Je passe le Col du Palet, le point le plus haut du GR pour le moment, à 2652 mètres d’altitude. Puis on redescend vers…
Tignes
… Tignes. Oula. Qu’est-ce qui se passe ici ? Elle est où ma solitude recherchée, au calme, sur les sentiers de la montagne sauvage ? Disparue, instantanément. Vraiment cela a été un choc pour moi de voir ça.
Tignes, un mélange entre un centre commercial et un parc d’attraction pharaonique, le tout enclavé dans une vallée minérale striée de remontées mécaniques. Le paradis de la distraction. Il y a tellement de chose à faire, partout et tout le temps, qu’on ne peut pas s’ennuyer une seule seconde ici.
Faute de neige, on y descend les pistes en VTT à toute blinde. On y fait du cheval, des balades en… je ne connais même pas le nom de ce truc en fait.. une espèce de patinette 4*4 électrique géante, du pédalo etc etc… Il y a même un golf ! Et en ville c’est pareil, centre commercial, bar, boite de nuit… il y en a pour tous les âge.
On y est aspiré par toutes les distractions artificielles imaginables qui puissent sortir de la tête d’un marketeur… sans jamais contempler une seule seconde la beauté de la nature et de la montagne. Jamais.
Je n’en ai pas après Tignes en particulier attention, mais le décalage entre notre monde moderne et la nature m’a sidéré. Oui, moi aussi à un moment j’ai apprécié l’argent, la distraction, la vitesse, les sensations fortes, les vacances au ski, le prix de loyers des stations (lol)… mais j’en suis arrivé à un point de saturation. Une overdose de toute cette m*rde.
Si l’humain voulais faire pire pour s’éloigner de la réalité et de la nature… sincèrement… je ne sais pas comment il pourrait faire. C’est comme si notre monde était conçu pour que surtout, surtout ! Personne ne regarde la nature, et encore moins y vive. C’est aussi pour cela que j’ai tout quitté. Pour fuir ce non-sens, et retrouver le vrai.
J9 : Val d’Isère – Le Collet
Mais reprenons le cours de notre GR5… Après une nuit dans un petit bois, non loin de Val d’Isère, je reprends mon chemin. On re-traverse l’étage forestier en remontant, puis on prend le vallon de l’Iseron, on monte, on monte et on finit par arriver au point le plus haut du GR5 : le col de l’Iseran, à 2764m.

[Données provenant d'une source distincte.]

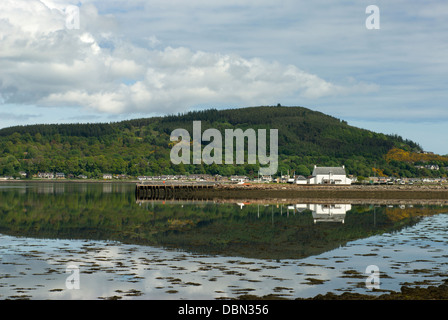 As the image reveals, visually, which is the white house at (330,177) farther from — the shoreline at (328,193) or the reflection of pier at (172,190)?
the reflection of pier at (172,190)

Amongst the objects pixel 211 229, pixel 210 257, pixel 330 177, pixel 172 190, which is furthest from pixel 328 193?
pixel 210 257

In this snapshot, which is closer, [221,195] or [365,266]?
[365,266]

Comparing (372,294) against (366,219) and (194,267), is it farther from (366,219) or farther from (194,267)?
(366,219)

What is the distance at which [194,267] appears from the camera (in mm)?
22297

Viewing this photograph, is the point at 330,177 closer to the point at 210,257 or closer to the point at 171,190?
the point at 171,190

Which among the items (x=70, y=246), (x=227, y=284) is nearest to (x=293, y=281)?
(x=227, y=284)

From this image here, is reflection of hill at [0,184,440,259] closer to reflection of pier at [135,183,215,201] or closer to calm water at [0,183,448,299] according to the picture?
calm water at [0,183,448,299]

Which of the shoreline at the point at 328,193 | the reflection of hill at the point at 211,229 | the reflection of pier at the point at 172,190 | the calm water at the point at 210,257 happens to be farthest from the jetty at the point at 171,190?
the calm water at the point at 210,257

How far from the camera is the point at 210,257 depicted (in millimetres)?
24859

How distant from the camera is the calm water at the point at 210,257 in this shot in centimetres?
1856

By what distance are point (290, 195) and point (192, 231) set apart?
183 ft

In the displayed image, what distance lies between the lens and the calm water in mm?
18556

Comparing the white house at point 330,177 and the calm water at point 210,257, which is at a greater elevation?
the white house at point 330,177

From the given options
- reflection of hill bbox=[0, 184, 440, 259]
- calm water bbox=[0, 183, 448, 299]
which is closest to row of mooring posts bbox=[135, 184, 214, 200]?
reflection of hill bbox=[0, 184, 440, 259] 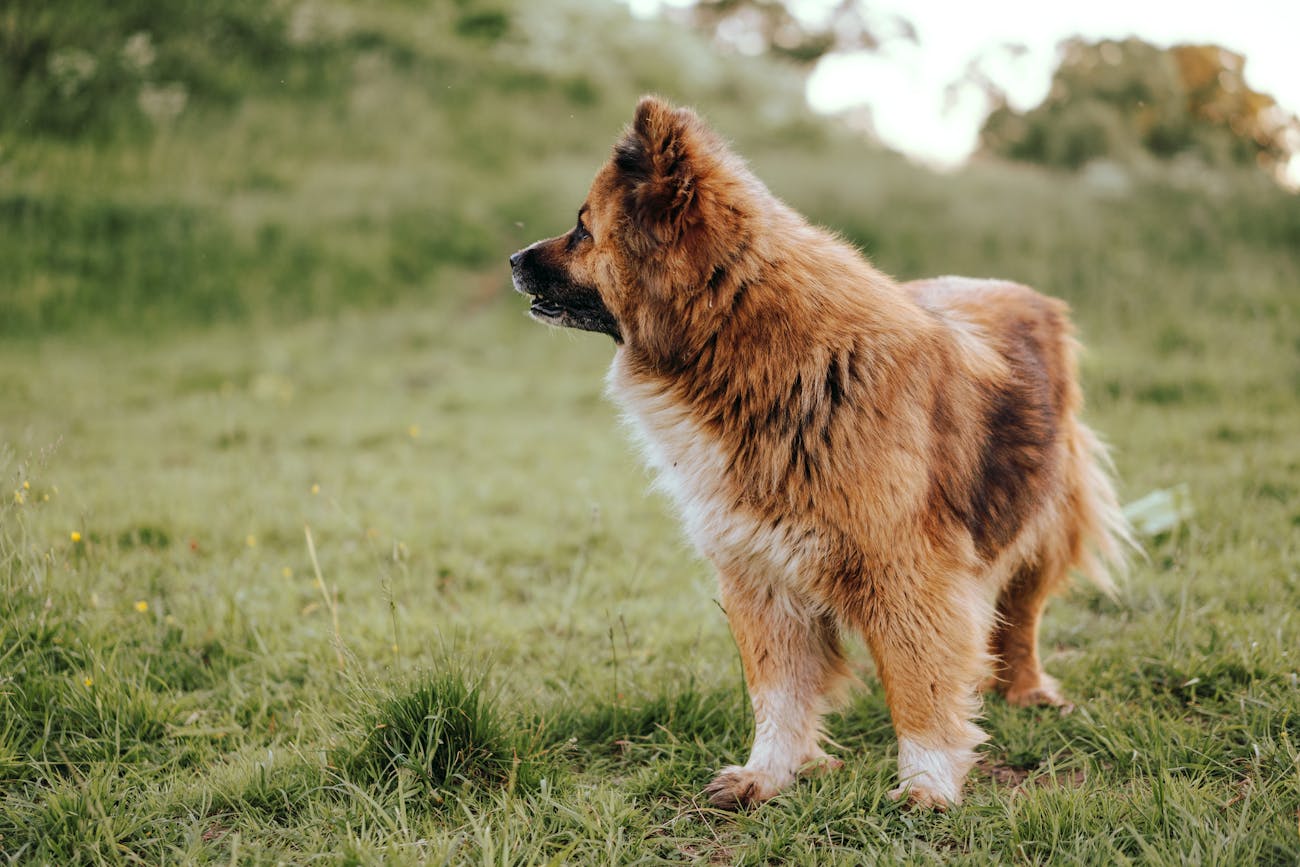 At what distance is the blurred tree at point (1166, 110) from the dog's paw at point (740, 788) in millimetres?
12715

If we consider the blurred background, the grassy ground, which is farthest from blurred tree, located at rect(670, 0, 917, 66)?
the grassy ground

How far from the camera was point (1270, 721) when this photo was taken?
2973 mm

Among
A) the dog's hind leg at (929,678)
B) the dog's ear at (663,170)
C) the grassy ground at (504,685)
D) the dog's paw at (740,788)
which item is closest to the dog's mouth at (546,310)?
the dog's ear at (663,170)

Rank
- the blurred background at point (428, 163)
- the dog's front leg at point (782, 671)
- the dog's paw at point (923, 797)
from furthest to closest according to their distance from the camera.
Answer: the blurred background at point (428, 163), the dog's front leg at point (782, 671), the dog's paw at point (923, 797)

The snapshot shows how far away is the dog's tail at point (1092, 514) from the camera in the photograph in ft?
12.1

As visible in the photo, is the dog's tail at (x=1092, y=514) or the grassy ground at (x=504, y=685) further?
the dog's tail at (x=1092, y=514)

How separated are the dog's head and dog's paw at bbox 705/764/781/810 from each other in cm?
131

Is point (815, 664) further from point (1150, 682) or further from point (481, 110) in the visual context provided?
point (481, 110)

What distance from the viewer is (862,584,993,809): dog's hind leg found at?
2.80 metres

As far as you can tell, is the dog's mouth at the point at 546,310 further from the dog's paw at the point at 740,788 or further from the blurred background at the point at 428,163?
the blurred background at the point at 428,163

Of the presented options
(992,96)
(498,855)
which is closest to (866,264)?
(498,855)

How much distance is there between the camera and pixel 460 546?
5152 mm

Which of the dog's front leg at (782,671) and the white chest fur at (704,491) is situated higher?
the white chest fur at (704,491)

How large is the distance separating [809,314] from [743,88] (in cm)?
1584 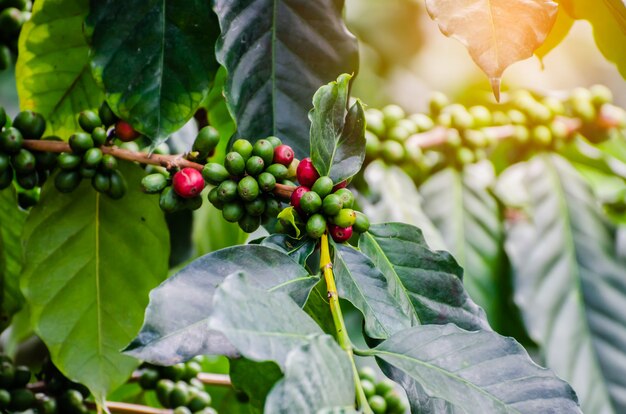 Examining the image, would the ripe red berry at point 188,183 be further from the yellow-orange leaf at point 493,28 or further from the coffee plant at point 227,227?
the yellow-orange leaf at point 493,28

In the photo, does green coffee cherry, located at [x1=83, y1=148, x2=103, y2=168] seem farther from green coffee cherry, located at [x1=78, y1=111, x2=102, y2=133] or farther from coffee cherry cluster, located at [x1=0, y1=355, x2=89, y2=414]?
coffee cherry cluster, located at [x1=0, y1=355, x2=89, y2=414]

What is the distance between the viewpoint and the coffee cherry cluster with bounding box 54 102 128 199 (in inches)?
29.7

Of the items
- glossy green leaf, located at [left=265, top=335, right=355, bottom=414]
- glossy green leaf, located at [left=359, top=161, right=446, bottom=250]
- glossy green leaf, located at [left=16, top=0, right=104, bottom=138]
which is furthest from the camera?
glossy green leaf, located at [left=359, top=161, right=446, bottom=250]

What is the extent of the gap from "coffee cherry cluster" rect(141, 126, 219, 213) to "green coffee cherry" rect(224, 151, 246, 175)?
3 cm

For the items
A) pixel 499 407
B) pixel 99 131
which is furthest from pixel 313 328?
pixel 99 131

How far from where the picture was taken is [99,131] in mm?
766

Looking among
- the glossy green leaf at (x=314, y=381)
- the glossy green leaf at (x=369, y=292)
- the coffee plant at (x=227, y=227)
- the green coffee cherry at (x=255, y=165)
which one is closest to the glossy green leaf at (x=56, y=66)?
the coffee plant at (x=227, y=227)

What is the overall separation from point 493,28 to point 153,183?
14.1 inches

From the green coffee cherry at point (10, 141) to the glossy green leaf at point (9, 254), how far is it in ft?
0.47

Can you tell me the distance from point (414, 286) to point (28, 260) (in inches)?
17.3

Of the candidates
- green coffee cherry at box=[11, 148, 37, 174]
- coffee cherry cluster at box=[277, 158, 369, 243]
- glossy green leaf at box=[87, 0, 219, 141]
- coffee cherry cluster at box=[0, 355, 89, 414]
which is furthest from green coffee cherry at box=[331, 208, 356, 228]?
coffee cherry cluster at box=[0, 355, 89, 414]

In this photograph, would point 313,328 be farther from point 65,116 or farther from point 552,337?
point 552,337

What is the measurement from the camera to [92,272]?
33.4 inches

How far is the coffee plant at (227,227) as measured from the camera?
0.55 meters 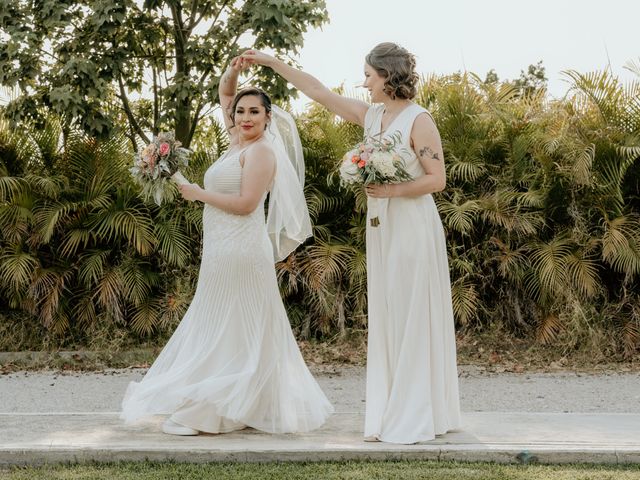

Wahoo… C’est magnifique. Je contemple la vue, et vient m’abriter contre le mur de Notre Dame de Toute Prudence pour prendre un bon repas, après cette belle ascension de près de 1000m de D+. Puis, comme souvent en montagne, c’est l’heure de la redescente.
Petite anecdote, c’est ici la seule fois que j’ai perdu la trace du GR5. Juste avant d’arriver à Bonneval-sur-Arc, il y a une bifurcation entre le GR5 qui continue sur les hauteurs, et la variante GR5E qui redescend en fonds de vallée. L’herbe est haute, je n’utilise pas encore de GPS à ce moment-là, et je perds la trace de mes petits traits blanc et rouge… Qu’importe, tous les chemins sont beaux. Je fais demi-tour à l’air de décollage de parapente, et redescend sur la variante en fonds de vallée.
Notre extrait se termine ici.